__INPUT DATA__:
---+---

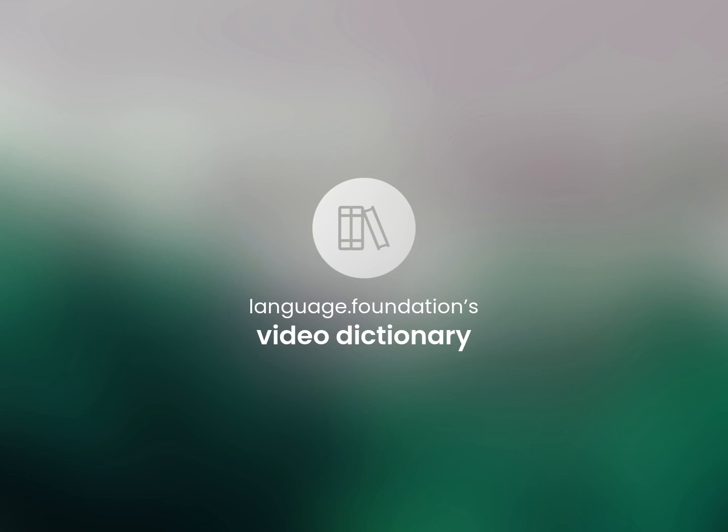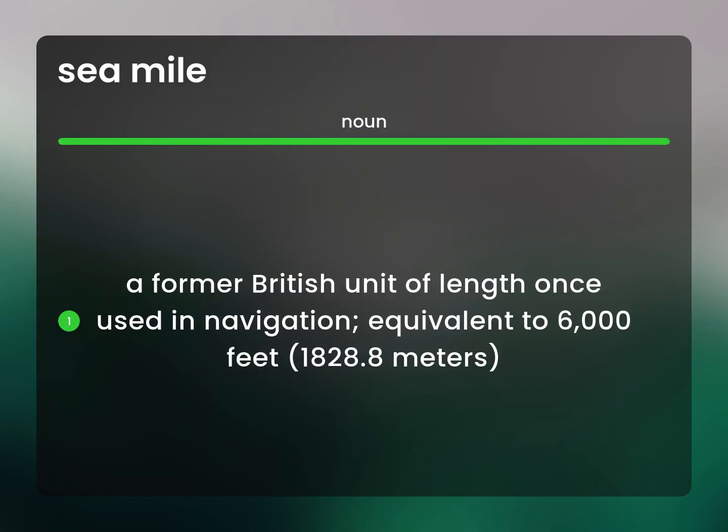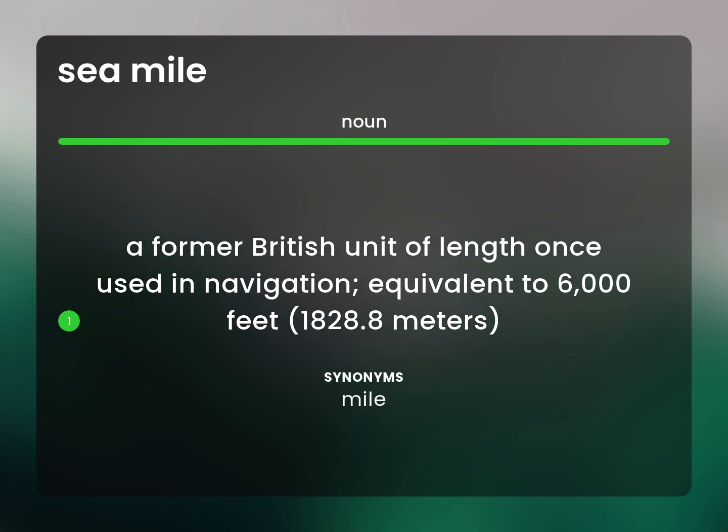Language.Foundation's Video Dictionary, helping you achieve understanding. A former British unit of length once used in navigation, equivalent to 6,000 feet, 1828.8 meters. Mile.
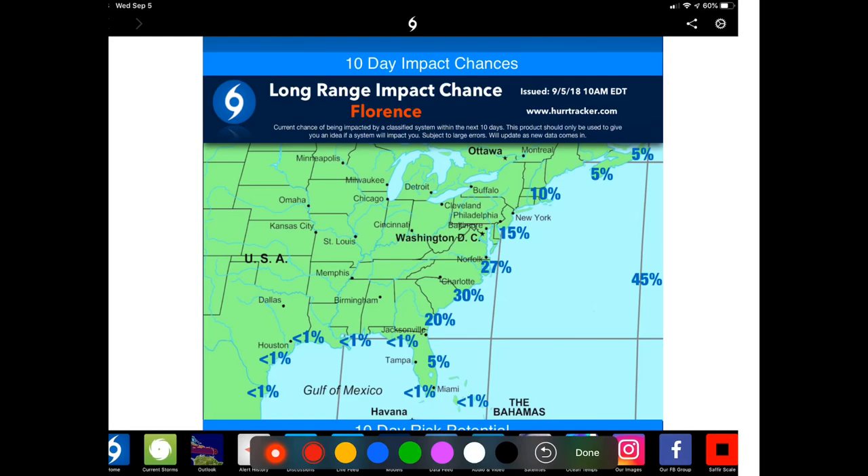Here at the Hurricane Tracker app, we have a unique product called our Long Range Impact Chance, which shows you — based on the latest trends and all the data we compile — a relative percentage of impact likelihood. Right now we're showing about a 45 percent chance that Bermuda could be impacted by Florence within the next 10 days. Along the eastern United States seaboard, we begin along the east-central Florida coast with a 5 percent chance of impact, and as you go further up the coast into the mid-Atlantic, we have increasing chances, as that's where a lot of the models and data suggest Florence could go in the long term. Even up in New England and the Canadian Maritimes, we cannot yet rule out any risk of impacts.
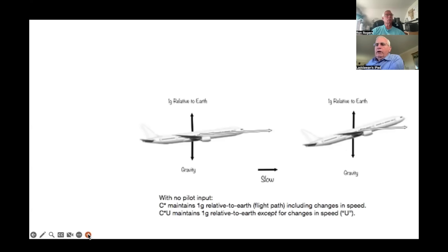To reiterate: with no pilot input, as the airplane slows, the fly-by-wire shows 1G relative to Earth — the airplane is going straight ahead on whatever flight path it's on, and as it slows, it automatically compensates. Note that 1G is relative to Earth, not relative to a G-meter in the airplane.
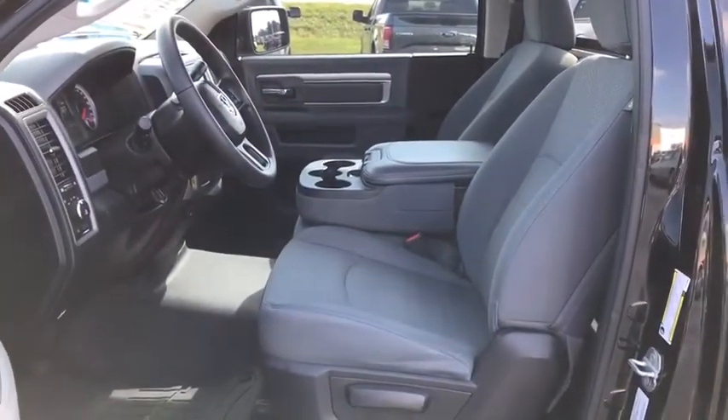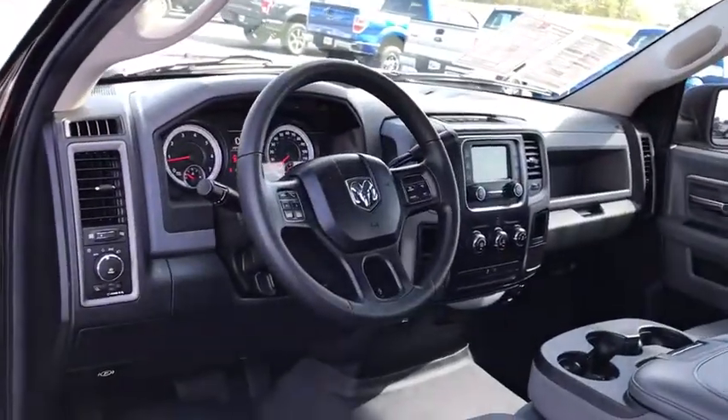Searching for a dependable vehicle that looks great too? You found it, so stop in today.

---+---

__REQUIRED ACTION__: Give back the listing exactly, with the pictures removed.

__REPLY TO THE TASK__:
Language.Foundation's Video Dictionary, helping you achieve understanding. A former British unit of length once used in navigation, equivalent to 6,000 feet, 1828.8 meters. Mile.
Here at the Hurricane Tracker app, we have a unique product called our Long Range Impact Chance, which shows you — based on the latest trends and all the data we compile — a relative percentage of impact likelihood. Right now we're showing about a 45 percent chance that Bermuda could be impacted by Florence within the next 10 days. Along the eastern United States seaboard, we begin along the east-central Florida coast with a 5 percent chance of impact, and as you go further up the coast into the mid-Atlantic, we have increasing chances, as that's where a lot of the models and data suggest Florence could go in the long term. Even up in New England and the Canadian Maritimes, we cannot yet rule out any risk of impacts.
To reiterate: with no pilot input, as the airplane slows, the fly-by-wire shows 1G relative to Earth — the airplane is going straight ahead on whatever flight path it's on, and as it slows, it automatically compensates. Note that 1G is relative to Earth, not relative to a G-meter in the airplane.
Searching for a dependable vehicle that looks great too? You found it, so stop in today.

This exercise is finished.